For the entries that follow, set down each one exactly and drop any pictures.

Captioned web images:
□ □ □ □
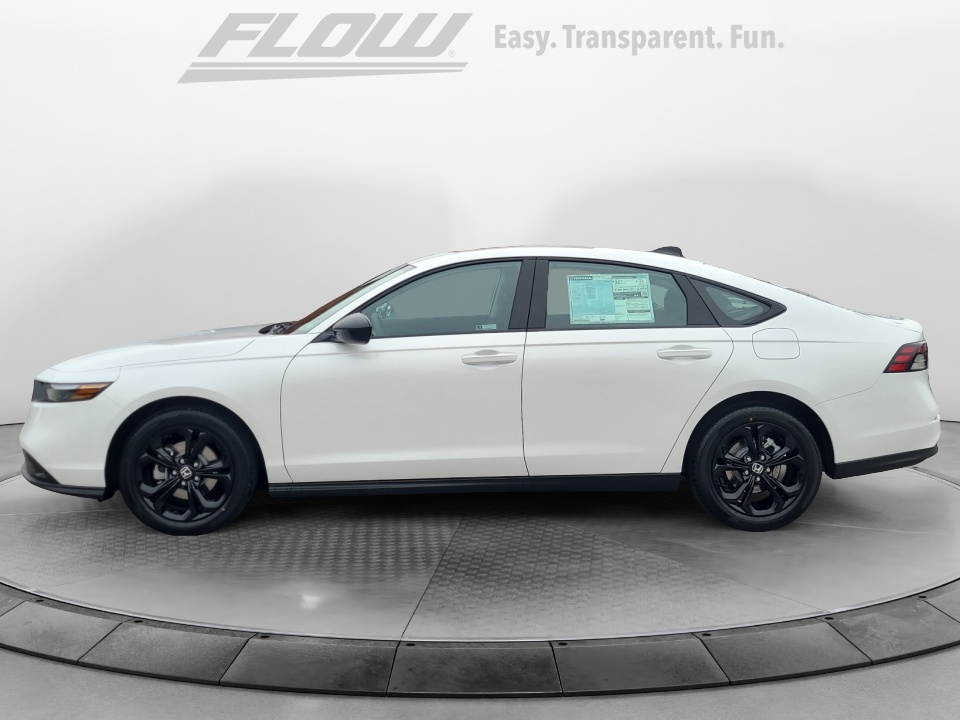 1HGCY1F4XSA086602 2025 Honda Accord Sedan SE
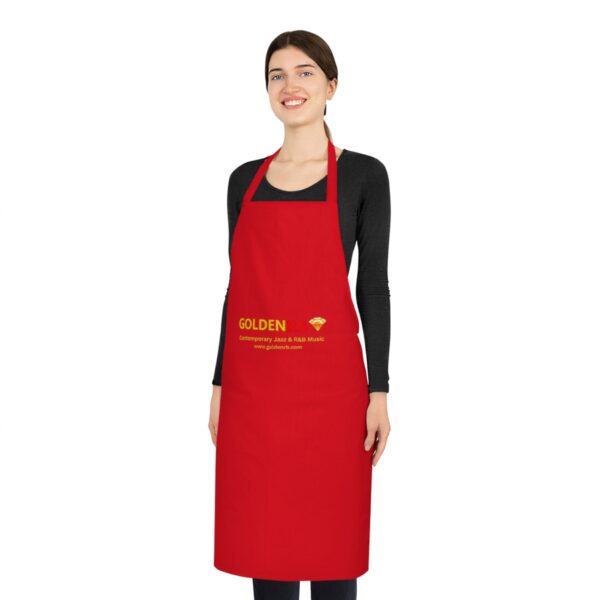 Cotton Apron - GoldenRB Apron - Image 5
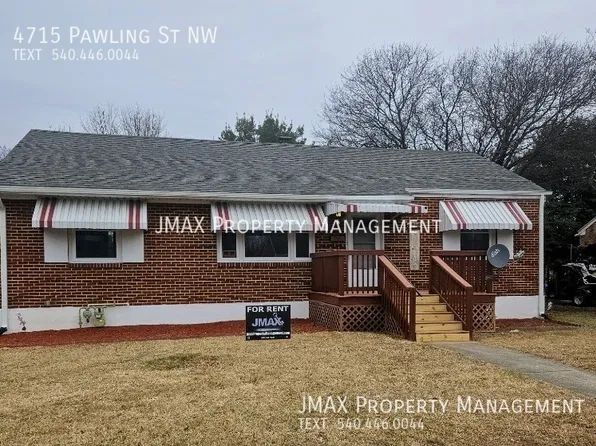 4715 Pawling St NW, Roanoke, VA 24012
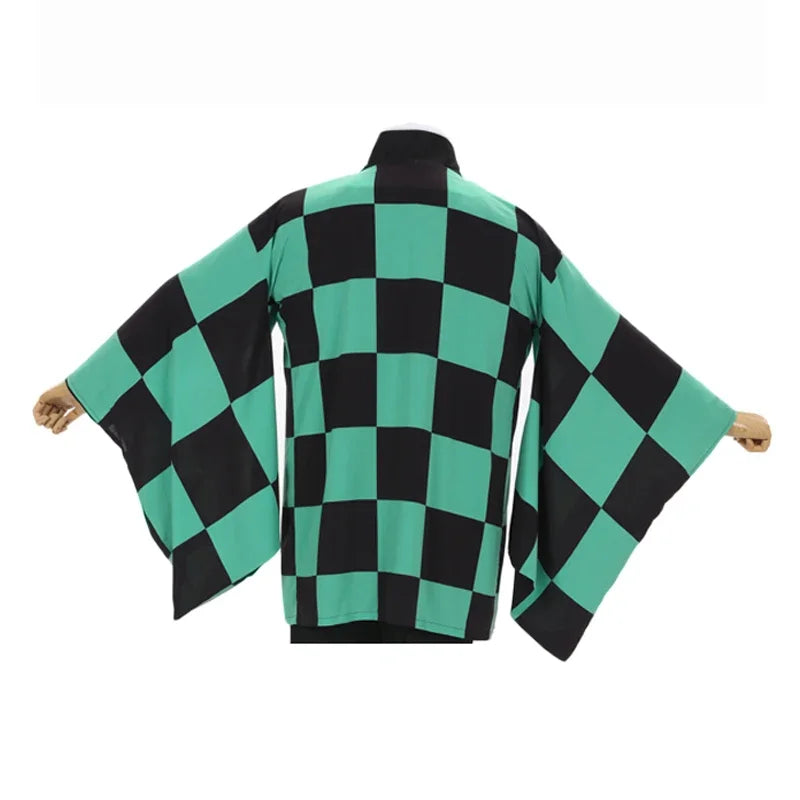 Demon Slayer Anime Cosplay Kimono Costume – Tanjiro, Nezuko, Rengoku, Zenitsu, Shinobu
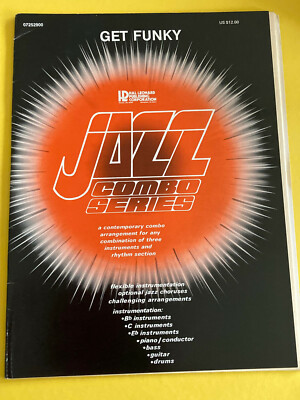 Get Funky, Frank Mantooth, Jazz Combo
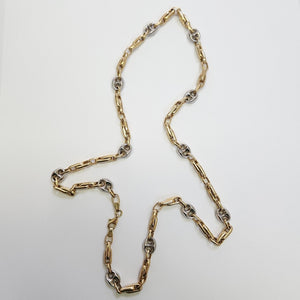 CADENA ORO 14 K 21.5 GRMS (SEMINUEVO)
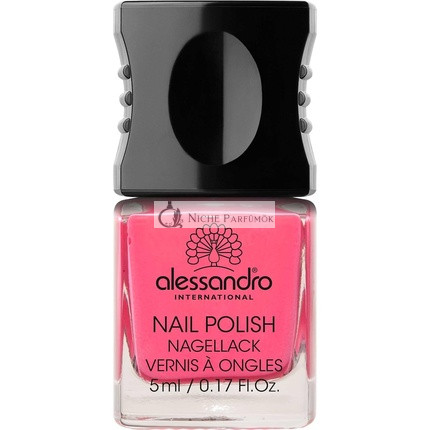 Alessandro Lak na nechty 142 Neonová ružová 5ml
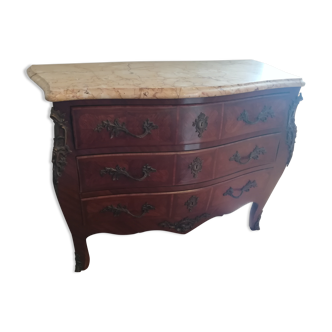 Louis XV style chest of drawers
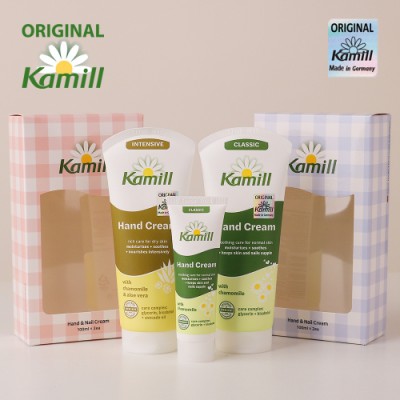 카밀 핸드크림 100ml 2종 30ml 1종 혼합 3p 세트 (케이스 포함)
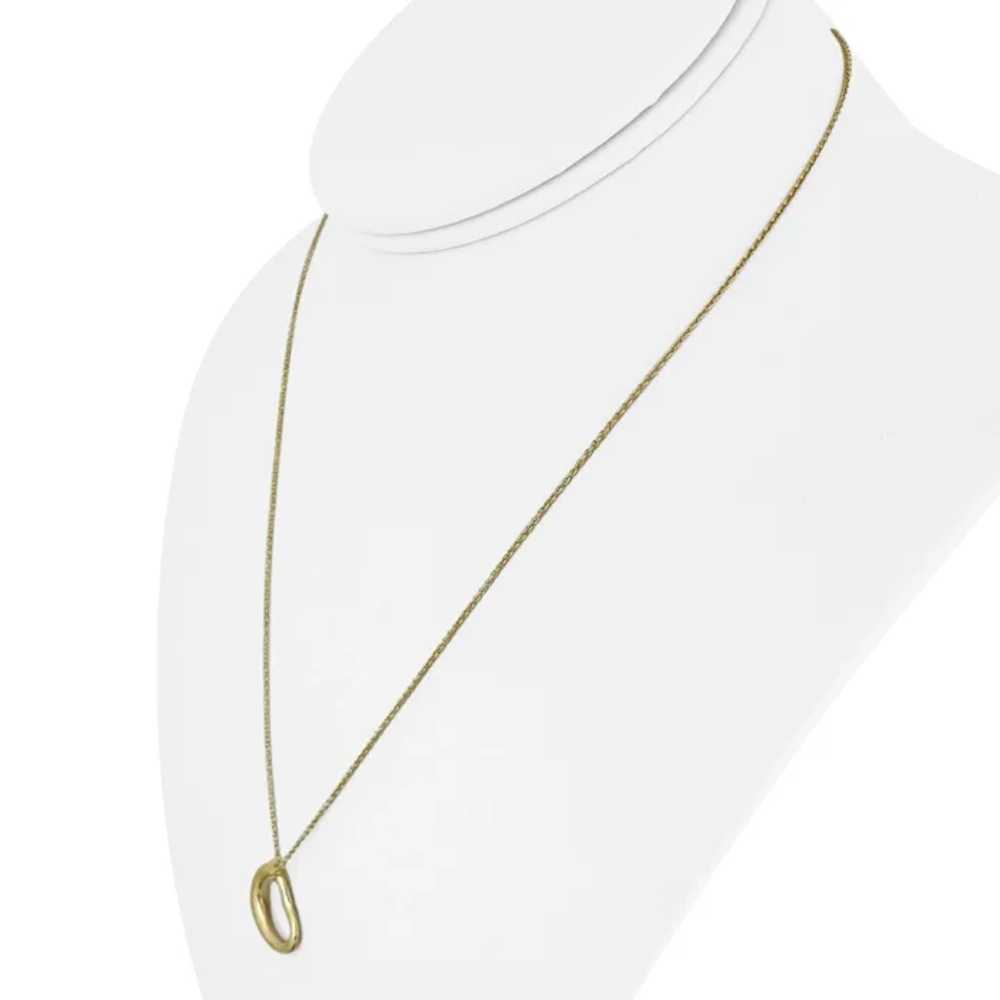 Tiffany & Co. by Elsa Peretti 18k Yellow Gold Hea… - image 2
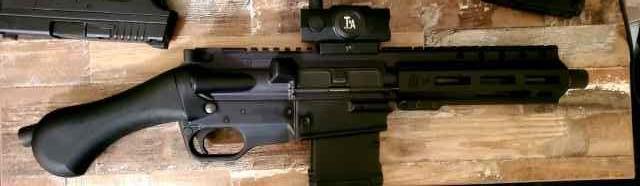 Pistol AR15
□ □ □ □
## [Completed exercise]
 1HGCY1F4XSA086602 2025 Honda Accord Sedan SE
 Cotton Apron - GoldenRB Apron - Image 5
 4715 Pawling St NW, Roanoke, VA 24012
 Demon Slayer Anime Cosplay Kimono Costume – Tanjiro, Nezuko, Rengoku, Zenitsu, Shinobu
 Get Funky, Frank Mantooth, Jazz Combo
 CADENA ORO 14 K 21.5 GRMS (SEMINUEVO)
 Alessandro Lak na nechty 142 Neonová ružová 5ml
 Louis XV style chest of drawers
 카밀 핸드크림 100ml 2종 30ml 1종 혼합 3p 세트 (케이스 포함)
 Tiffany & Co. by Elsa Peretti 18k Yellow Gold Hea… - image 2
 Pistol AR15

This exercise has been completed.